Exercise directions
Leave out the pictures and output exactly the lines below from the one with "Golden Goose Journey" down to the one with "Eupilio to Osnago map", both of them included.

Data excerpts
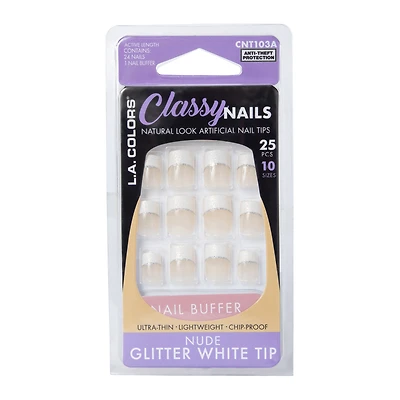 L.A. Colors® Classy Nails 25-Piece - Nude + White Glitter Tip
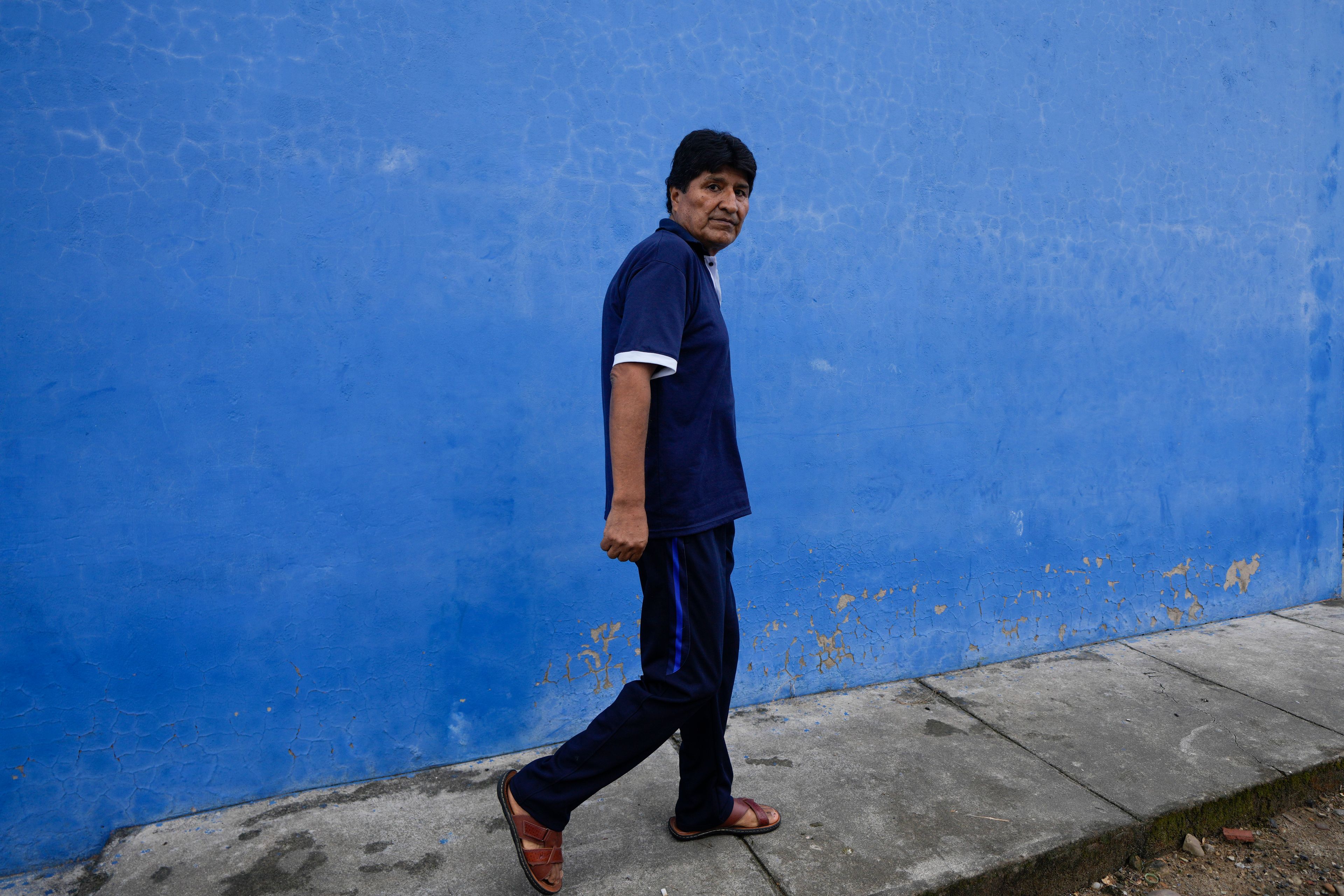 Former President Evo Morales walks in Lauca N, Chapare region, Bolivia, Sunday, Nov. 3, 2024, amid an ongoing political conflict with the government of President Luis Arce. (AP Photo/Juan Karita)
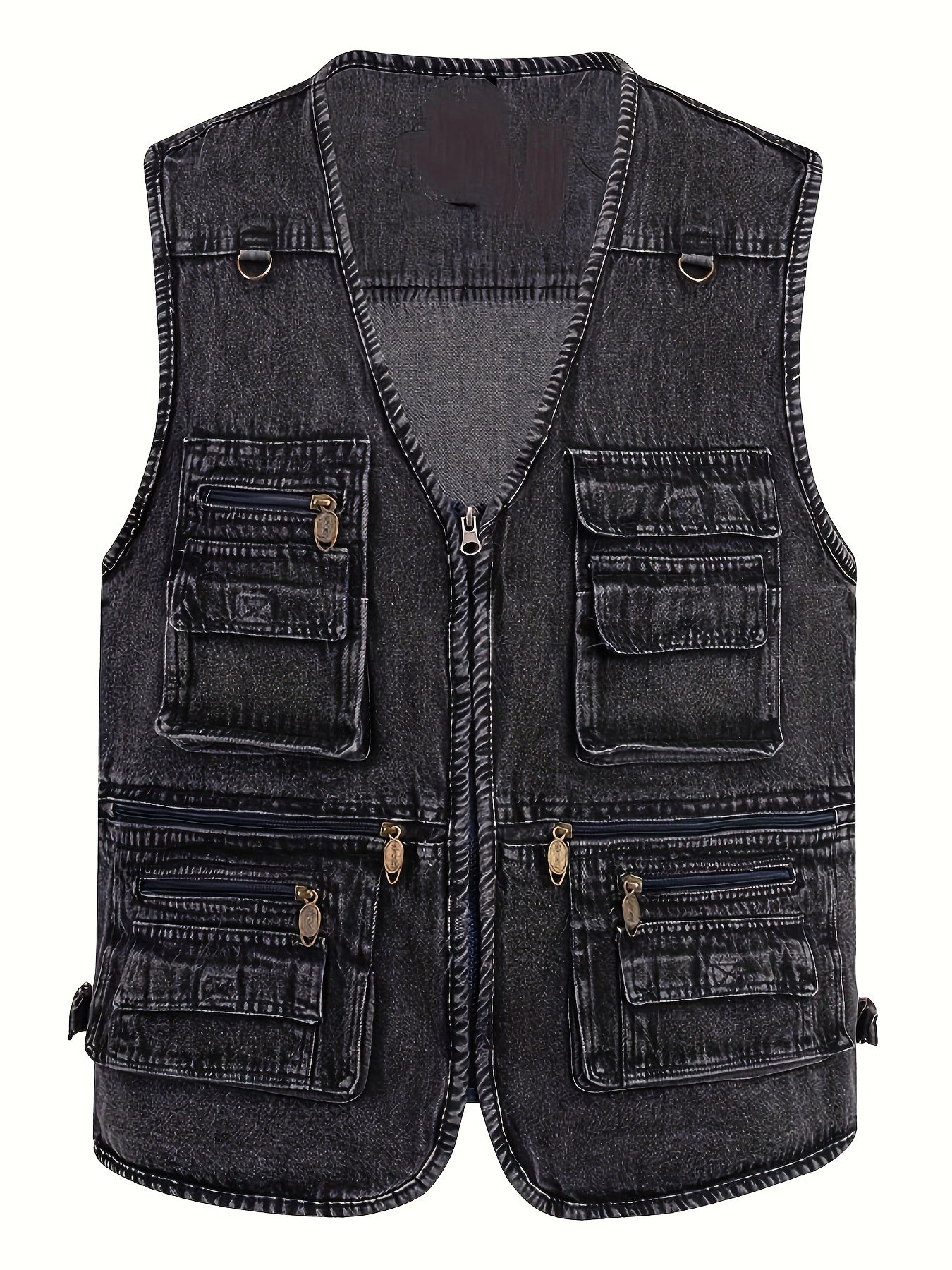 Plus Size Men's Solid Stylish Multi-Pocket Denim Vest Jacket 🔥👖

==

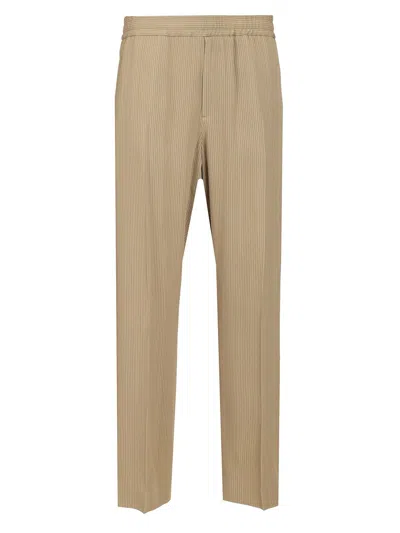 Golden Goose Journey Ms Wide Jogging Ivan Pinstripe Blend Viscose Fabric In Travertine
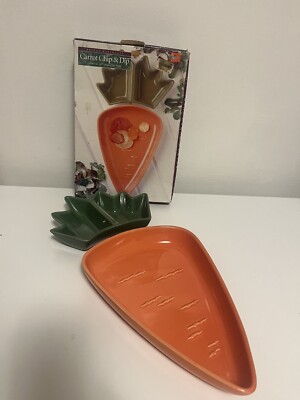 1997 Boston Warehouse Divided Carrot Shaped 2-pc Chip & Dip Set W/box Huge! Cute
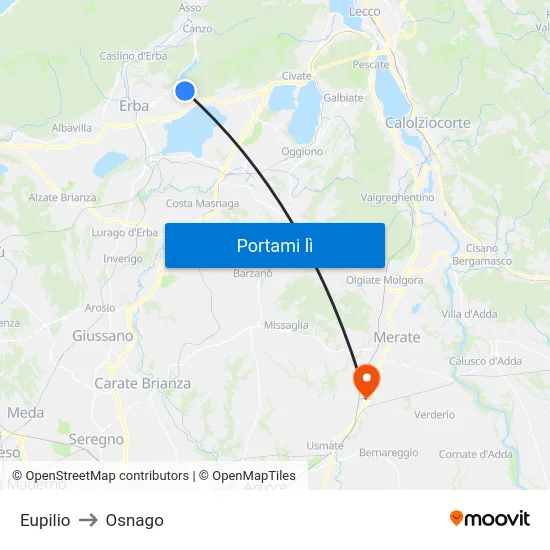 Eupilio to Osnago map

Solution for this exercise
 Golden Goose Journey Ms Wide Jogging Ivan Pinstripe Blend Viscose Fabric In Travertine
 1997 Boston Warehouse Divided Carrot Shaped 2-pc Chip & Dip Set W/box Huge! Cute
 Eupilio to Osnago map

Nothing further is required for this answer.